88th Week@XIMB - 10th February to 16th February, 2013

10th February - A person's essential fair-mindedness is perhaps its most striking and skillful feature that can won him over adversaries. That was my assumption until I came at XIMB. Here, the bias decision will win you more friends and build a reputation of caretaker. I hoped that such scenario changes in coming times in vain. The lobbies, peer pressure and affiliation became stronger with each passing day. I read a quote by Warren Buffett that cleared the fog in the mind : "If they don't have integrity, they never will. The chains of habit are sometimes too heavy to be broken."

11th February - George Orwell had said long time back: "Every generation imagines itself to be more intelligent than the one that went before it, and wiser than the one that comes after it." This holds so true for each batch of engineering or management that I have been part of.

12th February - I read a wonderful statement on Economic inequality in a Journal : (Economic) Inequality materializes the upper class, vulgarizes the middle class and brutalizes the lower class.

13th February - Not in campus.

14th February - Not in campus.

15th February - Not in campus.

16th February - Not in campus.

Saturday, February 9, 2013

87th Week@XIMB

87th Week@XIMB - 3rd February to 9th February, 2013

3rd February - Not in campus.

4th February - Not in campus.

5th February - Not in campus.

6th February - I returned to the campus and attended GID lecture. I became aware of the term Green GDP for first time. The green gross domestic product (green GDP) is an index of economic growth with the environmental consequences of that growth factored in. Due to lack of training in economics, I was also unaware of the term Shadow Pricing. While discussing more about economics, I came to know about Ithaca Hours, Joan Robinson, Gender-related Development Index (GDI) and the Gender Empowerment Measure (GEM) . There was a general consensus that our society with market economy has transformed into market society in the age of neo liberalization.

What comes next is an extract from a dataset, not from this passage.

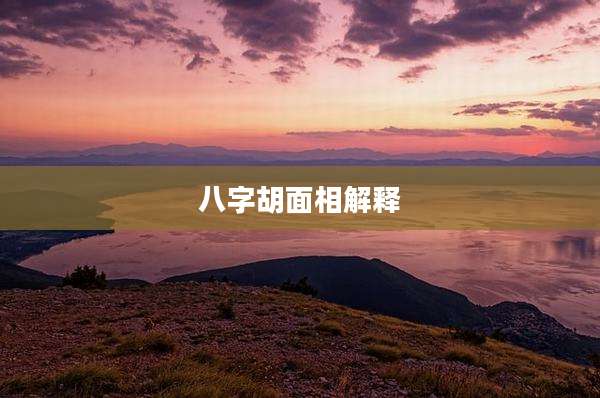 八字胡面相解释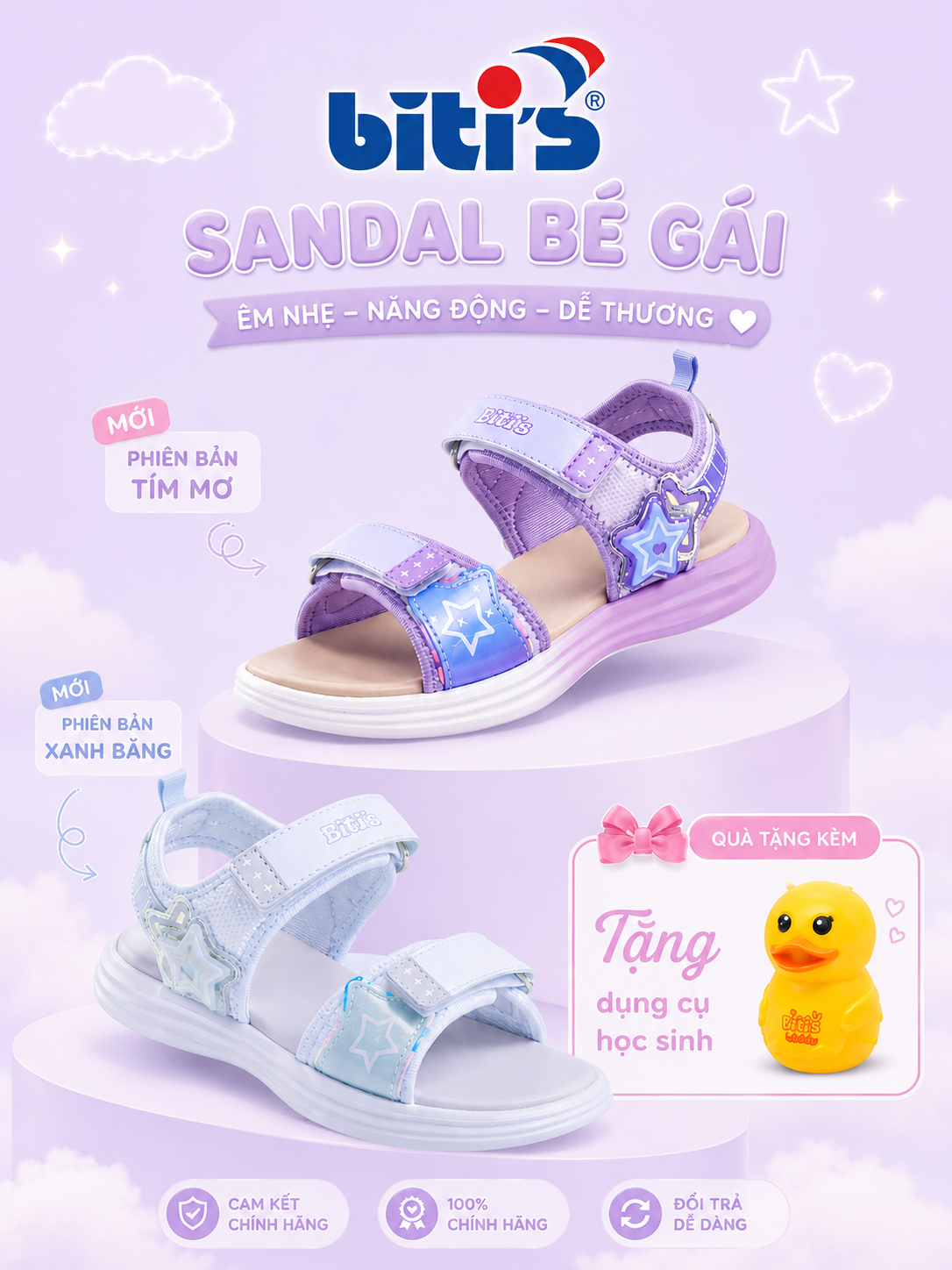  Sandal Biti's bé gái (28-37)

7th February - There was discussion on audit process of an organization in GD class. That led our informal discussion in the class to Comptroller and Auditor General (CAG) of India.

8th February - “When in Rome, be a Roman” is an often quoted idiom, but I never believed in the the practicality of this phrase. Moreover, it's everybody desire to be like, looked at and responded for walking on an offbeat path. This routine statement became more important in the context of state versus individual. No one can deny moral courage, of a person who stands in the face of public and governmental pressure and to do what is right rather balancing the views. It is necessary to be different and unique in its own sense. That individual walking a different line can only became a though leader and can be taken as an asset for social structure even when society is not conducive to adapt the contradictory form of truth. It is important not only for all of us to understand importance of such person. It's what it stands for when standing for something is the most difficult.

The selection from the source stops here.